From the records that follow, return exactly the lines beginning at the one that contains "El gobernador de" and ending at the one that contains "Peugeot Boxer III Asphalt — photo 15", pictures left out.

* _DATA PROVIDED_
========================================================================

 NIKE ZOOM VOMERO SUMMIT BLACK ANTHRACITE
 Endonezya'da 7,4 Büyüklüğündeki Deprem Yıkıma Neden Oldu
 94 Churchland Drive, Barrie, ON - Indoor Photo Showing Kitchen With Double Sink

========================================================================

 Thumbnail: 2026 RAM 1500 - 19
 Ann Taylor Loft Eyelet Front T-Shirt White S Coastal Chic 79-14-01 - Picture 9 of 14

========================================================================

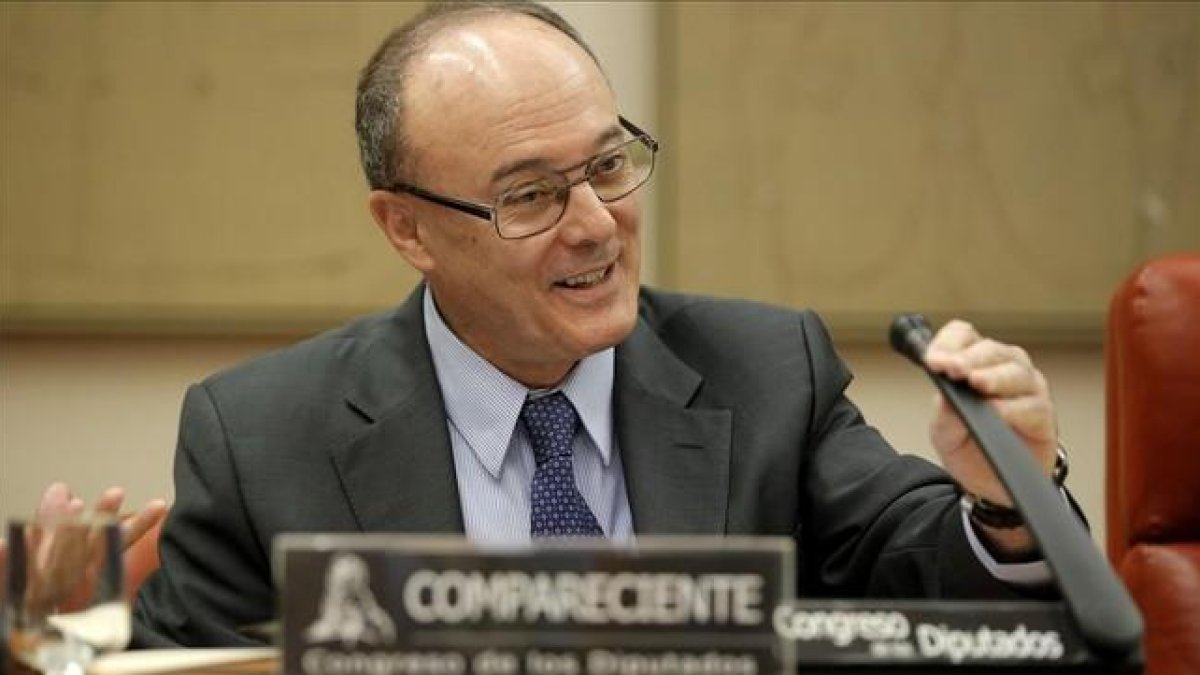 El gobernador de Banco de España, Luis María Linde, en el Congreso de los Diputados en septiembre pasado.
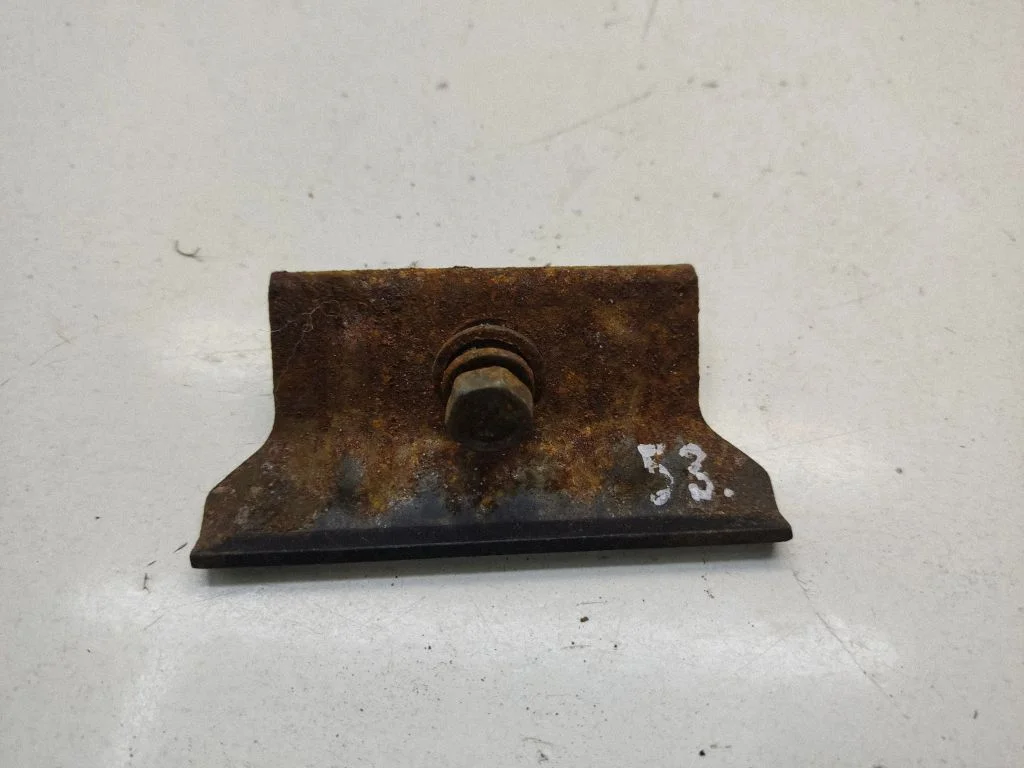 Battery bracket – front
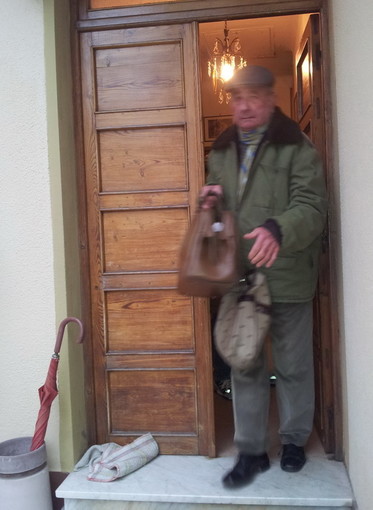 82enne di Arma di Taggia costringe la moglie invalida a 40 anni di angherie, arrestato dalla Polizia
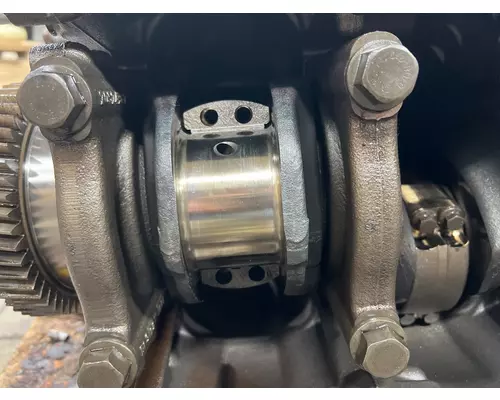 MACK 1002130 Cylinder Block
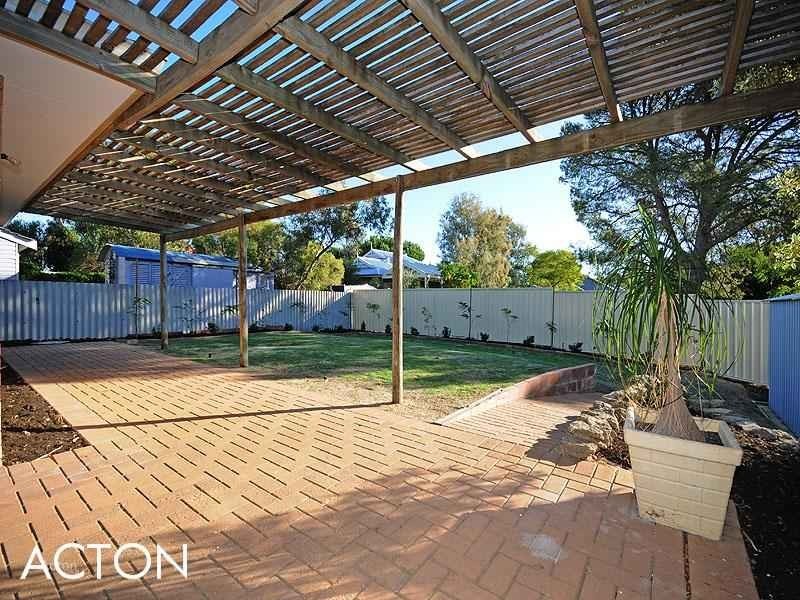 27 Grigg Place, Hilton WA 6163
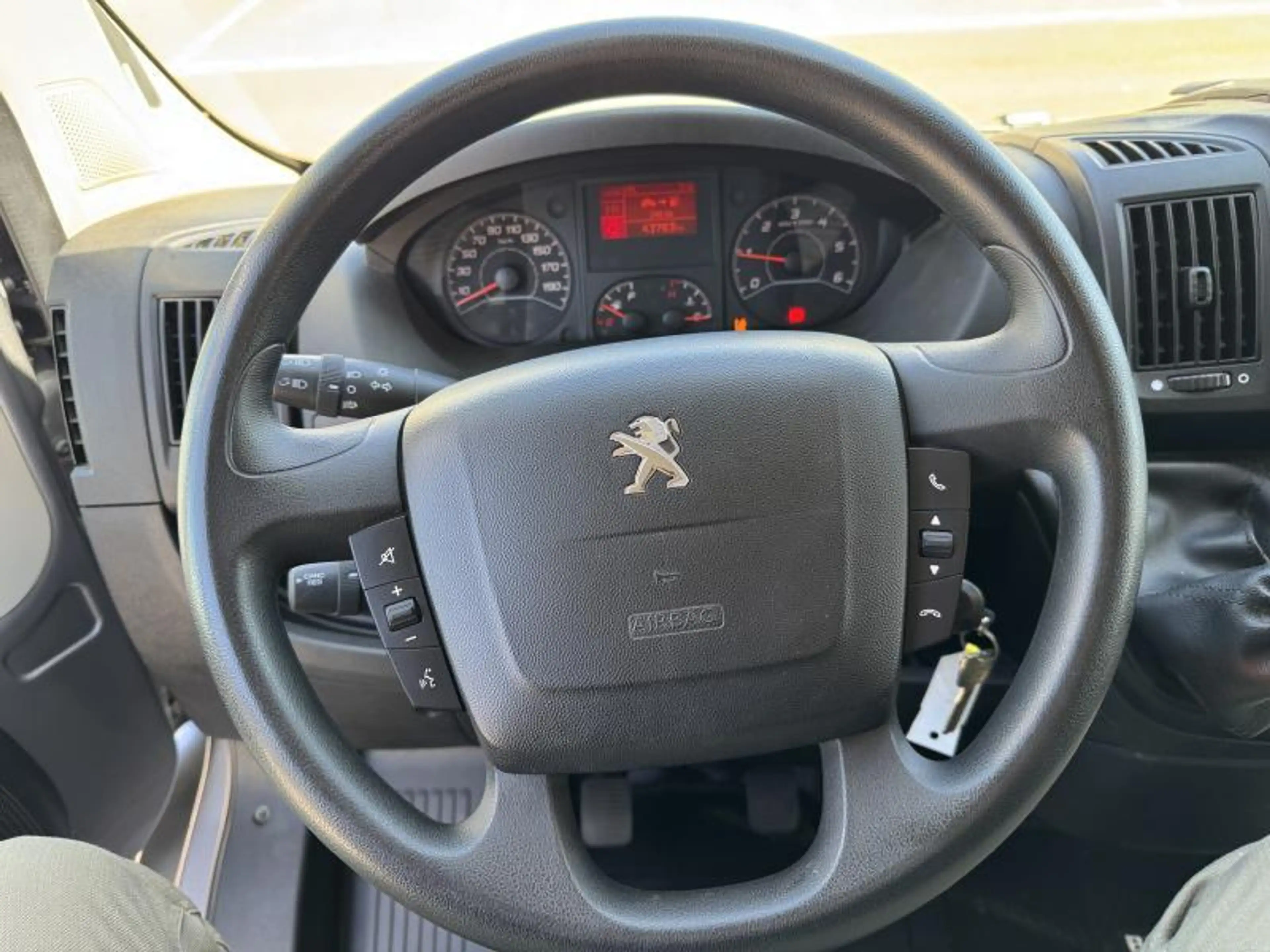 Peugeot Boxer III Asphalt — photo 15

========================================================================

* _ANSWER FOR THIS EXERCISE_
 El gobernador de Banco de España, Luis María Linde, en el Congreso de los Diputados en septiembre pasado.
 Battery bracket – front
 82enne di Arma di Taggia costringe la moglie invalida a 40 anni di angherie, arrestato dalla Polizia
 MACK 1002130 Cylinder Block
 27 Grigg Place, Hilton WA 6163
 Peugeot Boxer III Asphalt — photo 15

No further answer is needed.